The key, however, is the difference, the relativism. It is not that the economic culture of Germany was better than the economic culture of Greece, though there were (and are!) practices in Greece that could certainly be described as objectively economically wrong-headed, but that the integration of the two would inevitably cause crisis. It was, in essence, a systemic issue – the Greeks were incented to borrow more, just as the Germans were incented to loan more to the Greeks.
Habermas goes on to describe current plans – which are being executed as we speak, as the book was written in late 2011 and published in 2012 – to restructure the administration of the Eurozone economy and the European Union. In particular, he talks about the ‘kind of executive federalism of a self-authorizing European Council of the seventeen [that] would provide the template for a post-democratic exercise of authority.’ It is an undeniable ‘intergovernmental undermining of democracy’, he continues. Further, he says, politicians have become little more than a functional elite, shorn of vision and without genuine leadership. This is a serious crisis at a global level – I remember hearing Mikhail Gorbachev addressing the Russian-Irish business community in receiving the freedom of the City of Dublin in 2002 lamenting the dearth of Global Leadership.
Habermas sees this as a great opportunity to pursue the cosmopolitan ideal, a kind of neo-communism that can begin to erode the ills of the market economy and return to genuine socialism rather than any cynical, neoliberal abdication of responsibility of the fate of the planet to some unseen market force. For that, in essence, is what has happened. Neoliberalism swept away any sense of the necessity for big government, any requirement for leaders and politicians to actually lead. Politicians became exclusively populist, shorn of idealism, and – as Habermas describes them – functionary. Their job was to accelerate privatisation, maximise the exposure of government function to market forces, which with appropriate (and light touch) regulation would most efficiently serve the needs of people.

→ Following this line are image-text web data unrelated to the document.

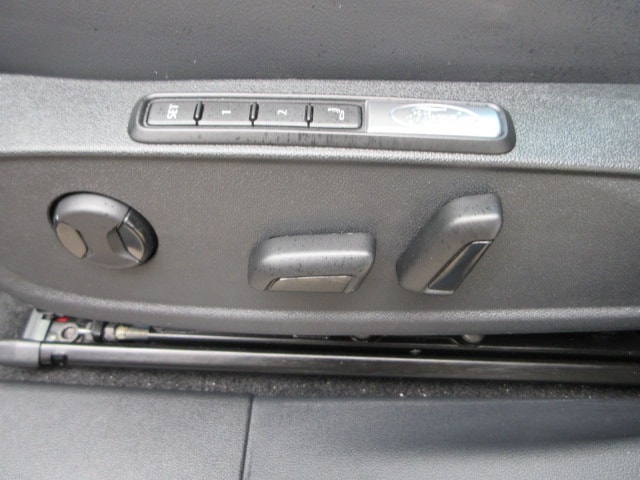 FORD Capri Extended Range Premium AWD-image-11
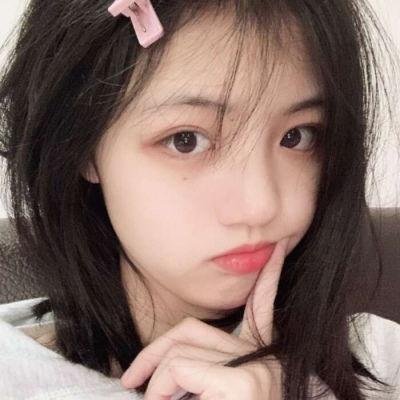 血滴亚历克斯之房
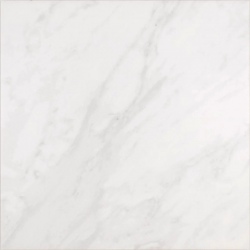 CLASSIC CALACATTA 33x33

Habermas argues that the erosion of sovereignty started a long time ago, and that those who decry current plans long since lost the argument that it’s a bad thing to cede control to supra- and inter-national organisations. This ‘executive federalism’ further pulls sovereignty away from democratically elected government, but there is a push factor as well, in the empowerment of Sir Humphrey’s in the civil service, and the permanent government. We have arrived at a place where the job of the politician is purely to serve as a lightning rod, to take the credit when things go well, to take the blame when they don’t, and to serve the gladiatorial thirst for drama from the subjects of the nouveau régime.
A final point – Habermas uses the word legitimation as that which politicians seek, in order to protect their interests and their positions. In essence, he accuses politicians of being populist and not strategic, which ultimately sacrifices the futures of their peoples for short term gains. Legitimacy, it appears, is equal to popularity – at least according to Habermas. We have seen that language in Ireland too, where a democratically elected government became massively unpopular, and was chastised for being illegitimate, and without a mandate. In the context of my overall project with this blog, it’s an interesting nuance.